Beckman, Frida. “Ambivalent Screens: Quentin Tarantino and the Power of Vision”. Film Philosophy 19, no. 1 (2015): 85-104.


Hake, Sabine. “Self-Referentiality in Early German Cinema“. Cinema Journal 31, no. 3 (1992): 37–55.


Koivunen, Ann. “Terapi”. In Film och andra rörliga bilder – en introduktion, edited by Ann Koivunen. Stockholm: Raster förlag, 2008, 187-202.


Macnab, Geoffrey. “Film vs Digital?
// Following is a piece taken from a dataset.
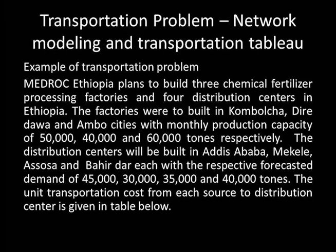Medrock Ethiopia plans to build three chemical fertilizer processing factories and four distribution centers in Ethiopia. The factories will be built in Kombolcha, Redawa, and Ambo cities with a monthly production capacity of 50,000, 40,000, and 60,000 tons respectively. The distribution centers will be built in Addis Ababa, Makale, Asosa, and Bahardar, each with the respective forecasted demand of 45,000, 30,000, 35,000, and 40,000 tons. The unit transportation costs from each source to each distribution center are given in the table below.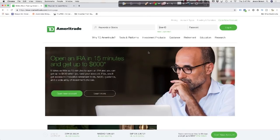Let's dive into the TD Ameritrade platform, which is specifically called Thinkorswim. We're also going to walk you through how the paper money virtual trading portion of the platform works.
In the same way that a new generation of music lovers are rediscovering vinyl, cinema enthusiasts are discovering, or rediscovering, celluloid”. The Independent 31/9 2017. Controlled 12/1 2018. http://www.independent.co.uk/arts-entertainment/films/features/dunkirk-film-digital-christopher-nolan-quentin-tarantino-paul-thomas-anderson-lawrence-of-arabia-a7918586.html.


“Quentin Tarantino comments on Digital vs Film”. Youtube 12/5 2011. Controlled 12/1 2018. https://www.youtube.com/watch?v=BON9Ksn1PqI.


Stam, Robert. Reflexivity in Film and Literature: From Don Quixote to Jean-Luc Godard. Ann Arbor, Michigan: UMI Research Press, 1985.


Wahlberg, Malin. ”Dokument”. In Film och andra rörliga bilder – en introduktion, edited by Ann Koivunen. Stockholm: Raster förlag, 2008, 221-233.